• _Description of the task_
Lines containing the word "Heat" are to be copied from the data below.

--- Provided records Enclosed Below ---

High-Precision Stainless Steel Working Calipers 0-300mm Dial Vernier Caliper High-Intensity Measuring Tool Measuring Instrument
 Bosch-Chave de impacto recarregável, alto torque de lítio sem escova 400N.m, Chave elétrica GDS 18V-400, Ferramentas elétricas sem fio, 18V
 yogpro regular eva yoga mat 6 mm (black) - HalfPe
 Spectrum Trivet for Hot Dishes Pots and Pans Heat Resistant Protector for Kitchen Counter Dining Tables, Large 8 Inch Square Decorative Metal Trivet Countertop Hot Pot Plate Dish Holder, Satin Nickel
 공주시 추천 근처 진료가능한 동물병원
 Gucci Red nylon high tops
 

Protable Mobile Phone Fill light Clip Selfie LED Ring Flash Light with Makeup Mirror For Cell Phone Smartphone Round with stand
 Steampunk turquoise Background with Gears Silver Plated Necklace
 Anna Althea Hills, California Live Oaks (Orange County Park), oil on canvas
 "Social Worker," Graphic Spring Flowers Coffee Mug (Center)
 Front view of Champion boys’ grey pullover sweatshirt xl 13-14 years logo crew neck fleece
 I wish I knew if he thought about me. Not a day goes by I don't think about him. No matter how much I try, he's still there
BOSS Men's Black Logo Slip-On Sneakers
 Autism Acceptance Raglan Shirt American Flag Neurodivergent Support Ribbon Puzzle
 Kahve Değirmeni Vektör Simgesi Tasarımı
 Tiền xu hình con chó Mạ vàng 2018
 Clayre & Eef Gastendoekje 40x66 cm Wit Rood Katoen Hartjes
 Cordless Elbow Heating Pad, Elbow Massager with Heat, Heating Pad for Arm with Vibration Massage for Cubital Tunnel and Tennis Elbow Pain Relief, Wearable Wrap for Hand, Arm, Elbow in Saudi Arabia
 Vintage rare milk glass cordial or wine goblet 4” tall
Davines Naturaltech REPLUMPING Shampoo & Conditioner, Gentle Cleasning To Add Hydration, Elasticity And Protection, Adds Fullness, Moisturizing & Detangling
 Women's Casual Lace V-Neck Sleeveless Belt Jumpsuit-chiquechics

--- End of Enclosed Provided records ---

• _Solution_
 Spectrum Trivet for Hot Dishes Pots and Pans Heat Resistant Protector for Kitchen Counter Dining Tables, Large 8 Inch Square Decorative Metal Trivet Countertop Hot Pot Plate Dish Holder, Satin Nickel
 Cordless Elbow Heating Pad, Elbow Massager with Heat, Heating Pad for Arm with Vibration Massage for Cubital Tunnel and Tennis Elbow Pain Relief, Wearable Wrap for Hand, Arm, Elbow in Saudi Arabia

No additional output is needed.